No it is not. I’ve not used google in years and have no idea what its quality is. Maybe your well known facts are not as well known as you think?

And really, it is completely irrelevant whether you think it is well-known or not, what matters if your discussion partner knows, if he doesn’t it wouldn’t hurt you to actually talk about it instead of assuming they must knew when they clearly don’t.

They your reliance on google search in your comment is just about as far off as my STL usage in ICU then isn’t it… see I can handle a bit of self deprecation lol.

if what I know or not is so important, perhaps actually having discussions rather than flame wars would actually happen. That would actually be beneficial you know…

My comment? I’m not KapiX

If you complain about something at-least provide evidence, that would be the part of what you know or do not, and might provide an actuall discussion.
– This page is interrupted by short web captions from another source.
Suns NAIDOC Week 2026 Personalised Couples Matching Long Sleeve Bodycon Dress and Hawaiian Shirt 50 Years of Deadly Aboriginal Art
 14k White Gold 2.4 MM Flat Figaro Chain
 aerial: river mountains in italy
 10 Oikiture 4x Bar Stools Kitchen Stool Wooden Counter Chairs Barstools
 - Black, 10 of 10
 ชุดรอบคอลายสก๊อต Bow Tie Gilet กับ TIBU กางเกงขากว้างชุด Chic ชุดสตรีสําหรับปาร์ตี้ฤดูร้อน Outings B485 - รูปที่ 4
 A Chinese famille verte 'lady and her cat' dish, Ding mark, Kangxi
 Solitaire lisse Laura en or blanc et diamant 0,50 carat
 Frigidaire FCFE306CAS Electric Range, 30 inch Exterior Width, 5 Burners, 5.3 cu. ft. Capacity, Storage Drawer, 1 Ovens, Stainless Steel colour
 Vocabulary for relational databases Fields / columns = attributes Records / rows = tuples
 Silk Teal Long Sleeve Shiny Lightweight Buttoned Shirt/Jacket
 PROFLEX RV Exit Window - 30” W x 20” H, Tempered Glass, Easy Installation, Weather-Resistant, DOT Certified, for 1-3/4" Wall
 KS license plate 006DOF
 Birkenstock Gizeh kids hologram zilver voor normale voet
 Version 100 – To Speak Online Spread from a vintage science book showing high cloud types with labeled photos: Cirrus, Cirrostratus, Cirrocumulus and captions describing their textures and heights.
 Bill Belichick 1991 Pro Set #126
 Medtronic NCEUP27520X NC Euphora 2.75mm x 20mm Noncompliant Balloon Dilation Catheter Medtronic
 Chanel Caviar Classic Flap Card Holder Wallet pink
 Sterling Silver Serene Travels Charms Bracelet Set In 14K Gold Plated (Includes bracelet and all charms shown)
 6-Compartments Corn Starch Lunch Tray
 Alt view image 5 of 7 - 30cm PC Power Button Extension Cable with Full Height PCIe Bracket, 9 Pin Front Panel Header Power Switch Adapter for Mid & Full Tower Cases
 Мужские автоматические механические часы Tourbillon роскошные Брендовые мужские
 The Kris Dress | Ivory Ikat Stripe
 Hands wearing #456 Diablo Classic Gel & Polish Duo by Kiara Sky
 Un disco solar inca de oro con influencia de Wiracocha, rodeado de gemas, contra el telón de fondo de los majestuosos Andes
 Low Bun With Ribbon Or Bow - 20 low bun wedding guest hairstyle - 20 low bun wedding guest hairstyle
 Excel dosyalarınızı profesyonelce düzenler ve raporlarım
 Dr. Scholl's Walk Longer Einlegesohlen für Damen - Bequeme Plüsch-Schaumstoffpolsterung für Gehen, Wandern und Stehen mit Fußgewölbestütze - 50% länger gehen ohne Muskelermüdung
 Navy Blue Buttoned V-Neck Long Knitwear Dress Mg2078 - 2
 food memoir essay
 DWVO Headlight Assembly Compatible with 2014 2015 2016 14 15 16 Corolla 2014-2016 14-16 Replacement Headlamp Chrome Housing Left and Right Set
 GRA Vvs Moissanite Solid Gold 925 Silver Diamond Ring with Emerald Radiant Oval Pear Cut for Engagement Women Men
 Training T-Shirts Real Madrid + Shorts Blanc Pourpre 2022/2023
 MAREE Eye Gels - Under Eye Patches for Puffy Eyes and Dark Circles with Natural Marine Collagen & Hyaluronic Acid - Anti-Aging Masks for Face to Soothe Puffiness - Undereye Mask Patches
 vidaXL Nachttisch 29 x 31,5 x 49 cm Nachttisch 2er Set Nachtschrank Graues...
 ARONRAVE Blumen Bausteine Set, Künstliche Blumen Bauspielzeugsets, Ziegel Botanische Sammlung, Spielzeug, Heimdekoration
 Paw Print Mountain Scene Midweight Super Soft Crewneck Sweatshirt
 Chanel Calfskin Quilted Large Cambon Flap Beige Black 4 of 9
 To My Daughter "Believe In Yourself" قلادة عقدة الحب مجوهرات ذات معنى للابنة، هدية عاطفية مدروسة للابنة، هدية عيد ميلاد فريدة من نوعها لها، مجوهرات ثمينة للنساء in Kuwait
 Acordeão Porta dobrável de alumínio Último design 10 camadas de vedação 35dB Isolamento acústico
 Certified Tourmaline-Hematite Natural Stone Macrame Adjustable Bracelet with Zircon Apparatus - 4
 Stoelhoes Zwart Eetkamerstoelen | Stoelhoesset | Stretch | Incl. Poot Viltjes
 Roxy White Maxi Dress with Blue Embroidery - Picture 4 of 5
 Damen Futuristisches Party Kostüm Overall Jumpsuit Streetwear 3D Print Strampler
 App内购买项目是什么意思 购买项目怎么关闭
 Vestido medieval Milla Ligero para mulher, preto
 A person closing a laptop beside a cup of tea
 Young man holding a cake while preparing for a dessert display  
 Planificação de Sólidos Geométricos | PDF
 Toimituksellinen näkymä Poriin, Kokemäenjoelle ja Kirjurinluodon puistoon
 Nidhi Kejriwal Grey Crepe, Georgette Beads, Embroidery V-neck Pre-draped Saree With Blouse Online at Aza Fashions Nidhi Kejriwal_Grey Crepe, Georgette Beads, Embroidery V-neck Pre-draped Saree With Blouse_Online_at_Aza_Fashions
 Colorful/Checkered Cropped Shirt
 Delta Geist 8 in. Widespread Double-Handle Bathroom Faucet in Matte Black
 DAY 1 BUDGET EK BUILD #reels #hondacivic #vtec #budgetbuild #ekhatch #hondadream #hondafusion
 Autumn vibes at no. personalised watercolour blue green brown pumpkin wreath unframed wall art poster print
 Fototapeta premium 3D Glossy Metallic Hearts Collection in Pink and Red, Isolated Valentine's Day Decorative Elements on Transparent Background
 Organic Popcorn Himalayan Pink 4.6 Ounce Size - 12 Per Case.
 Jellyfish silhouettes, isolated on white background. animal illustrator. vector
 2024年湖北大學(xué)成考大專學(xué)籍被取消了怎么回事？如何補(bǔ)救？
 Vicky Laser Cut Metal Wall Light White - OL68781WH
I was replying to you I’m not sure why you think I wasn’t.
https://www.google.com/search?client=firefox-b-1-d&q=worsening+of+google+search

Yes worsening of google really is a thing… Dozens at least hundreds of news articles about it in that search ironically. They inject a ton of irrelevant “content” results into every search now and often you’ll only get keyword results rather than results for a specific query lie you used to be able to get easily.

Anyway this has gotten a bit off topic…as there were quite a few interesting replies above.